Pudendal neuralgia
Pudendal neuralgia means pain, discomfort, or sensory deficit disorders (numbness) in the area of the sexual organs and the pelvic floor. This occurs when the pudendal nerve is damaged or irritated. This results in sexual intercourse, washing, and sitting being difficult for the woman. Pain suddenly occurs and then, after some time, again “disappears“.
Symptoms include:
Sharp or burning pain
Increased sensitivity
Sensory dosorder – numbing or, in contrast, tingling
A feeling of swelling
Sudden need to go to the toilet
Pain during sexual intercourse (dispareunia)
These feelings may be worse when seated. These pains may also be felt in the abdomen, buttocks or legs.
causes
The cause may be injury, pelvic surgery, or giving birth. A tumor or inflammation can put pressure on the nerve and cause it to be irritated. In some cases the cause may be pressure placed upon it during some form of activity such as a long bicycle ride.
How the problem is diagnosed
It is necessary to see a doctor for a thorough interview and subsequent examination. Part of this procedure will include a vaginal examination, whereby the doctor will apply a finger to the passage of the pudendal nerve.

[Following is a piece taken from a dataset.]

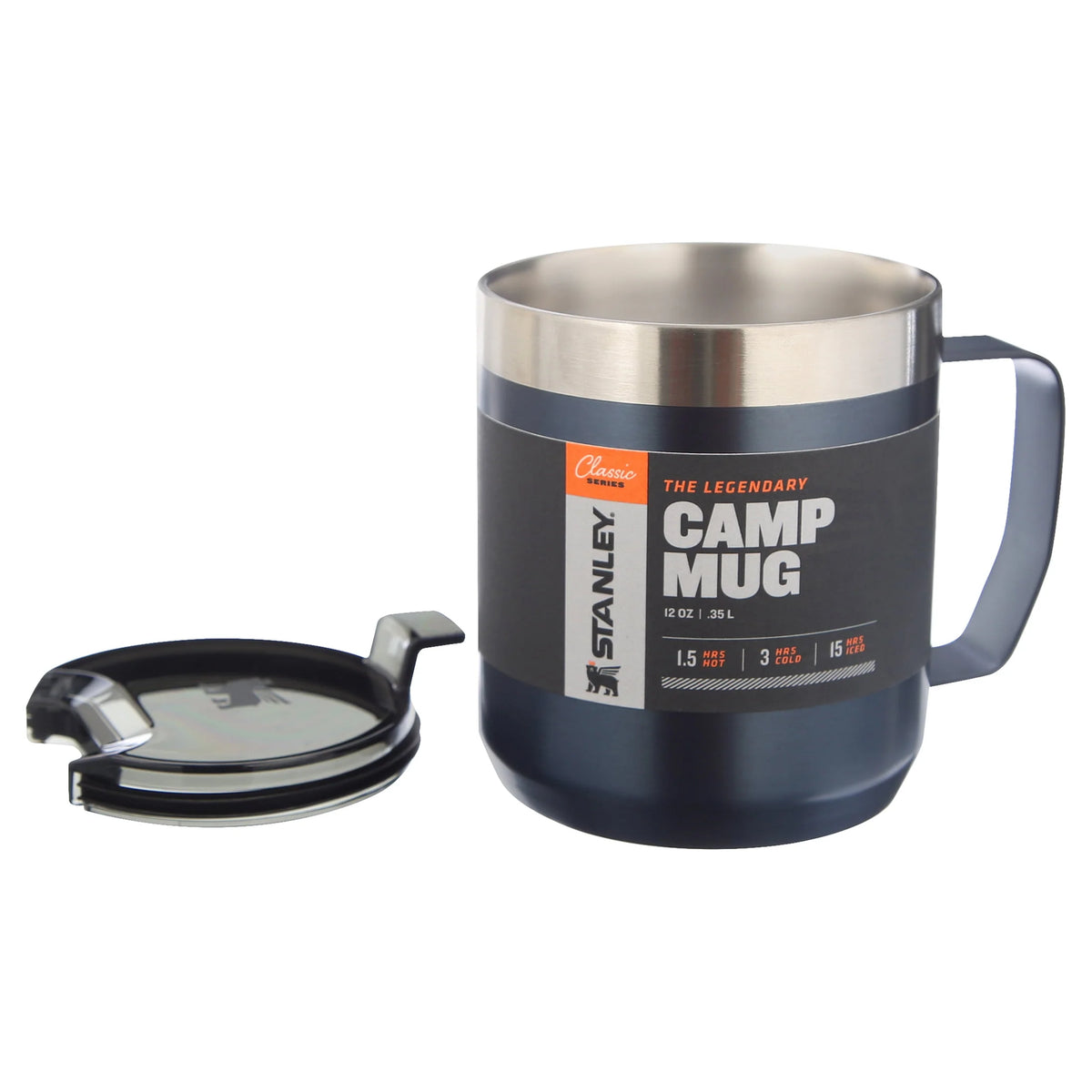 12 oz Steel Camp Mug Q380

A further diagnostic tool is a pudendal block, with which the doctor applies an analgesic (antiinflamatory) compound to the area of the pudendal nerve to temporarily anaesthetize it. As a result you may notice, after a certain length of time (a few days), some relief from your problems.

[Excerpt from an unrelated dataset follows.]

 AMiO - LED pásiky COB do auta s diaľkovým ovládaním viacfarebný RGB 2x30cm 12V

In some cases a gynecological ultrasound or magnetic resonance is performed to ascertain whether some abnormal growth is not placing pressure on the pudendal nerve.
How the problem is treated
In the majority of cases pudendal neuralgia is overcome with a combination of physical treatment, lifestyle changes, and medication.
Sitting up straight with frequent standing to alleviate pressure on the pudendal nerve Picture of sitting up straight
Abstaining from cycling and squats (if these activities make the problem worse)
Physical therapy loosens and stretches the muscles of the pelvic floor. This can reduce the pressure on the pudendal nerve causing its irritation. At the same time, this approach can help in cases when the pudendal neuralgia reduces control over the bladder and digestive tract.
Muscle relaxants can relieve the tension of the pelvic floor muscles.
Antidepressants (and even some antiepileptics) can also help in the management of secondary problems.
In cases when intial treatment is insufficient, your doctor will apply an injection to the area of the pudendal nerve containing a combination of medicines which numbs the nerve or lowers the inflammatory response of the organism which is causing the irritation of the nerve.
In some cases an operation can help, during which the pudendal nerve is loosened from the surrounding tissues, which may be, for example, scarred.